Эрнест Наумович не оставил теоретических трудов, но у него была своя стройная теория творчества с очень четкими формулировками. Наши встречи с ним, как я теперь понимаю, были отчасти поводом высказать, «проговорить» свои идеи, хотя наверняка он много говорил об этом и с коллегами, и я надеюсь, они смогут распорядиться этим драгоценным даром от Эрнеста Наумовича.
Кирилл Набутов, продюсер, телеведущий:
- Эрика я впервые увидел на поминках по отцу. Отец часто брал меня на футбол, я во время матчей был и в комментаторской кабине, и в журналистской ложе, но там Эрика не видел. На матч тогда комментаторы и другие телевизионные и радиоработники добирались на автобусе, он отправлялся от Дома радио часа за два до эфира. Автобус заезжал на верх стадиона, салон никто не проверял, и там могли заехать на стадион друзья, родные, все, кто хотел посмотреть футбол. А Эрик как режиссер приезжал на автобусе передвижной телевизионной станции или на машине отдельно, поэтому, несмотря на то что отец и Эрик долго работали вместе, я с ним познакомился только после смерти отца…
Эрик был невероятно обаятелен и разговорчив. Он мог говорить часами. Помню, на одной пресс-конференции его вопрос длился две минуты 45 секунд.
Вспоминаю, как мы ехали на финал Кубка СССР по футболу в 1984 году из Ленинграда в Москву. Ехали на машине Эрика: он, оператор Рашид Жимгарян, Люда Гладкова, наш приятель Игорь Струнин и я.

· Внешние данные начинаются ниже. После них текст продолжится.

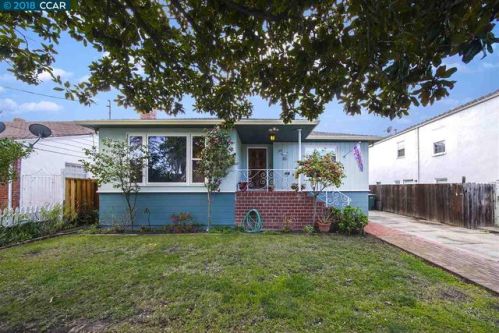 142 School St, West Pittsburg, CA 94565-3832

Выехали мы в шесть утра за день до игры, по пути машина стала ломаться, раскалялась ручка переключения скоростей, останавливались каждые пятьдесят минут. Ехали почти сутки, приехали в пять утра следующего дня и пошли к нашей общей приятельнице Ире Мазановой. Она нас накормила, постелила два двуспальных дивана, и Игорь Струнин, радостный, говорит: «Ну, ты иди спи с Рашидом». Загрузились мы с Рашидом, вырубились, просыпаемся в час дня, встречаем Струнина, он зеленый и злой. Эрик своими разговорами про телевидение, как выяснилось, все это время не давал ему спать…
Арнольд Риш, двукратный чемпион Советского Союза по каратэ (1980, 1981).
Заслуженный тренер России по дзюдо. Вице-президент АО «Совет по туризму»:
- По инициативе Валерия Ивановича Никифорова, много лет возглавлявшего АО «Совет по туризму и экскурсиям Санкт-Петербурга», на Крестовском острове были построены теннисные корты, которые сейчас называются «Петербургский теннисный клуб имени В. И. Никифорова». Сегодня, по мнению многих, это один из лучших теннисных клубов города и Северо-Западного региона в целом.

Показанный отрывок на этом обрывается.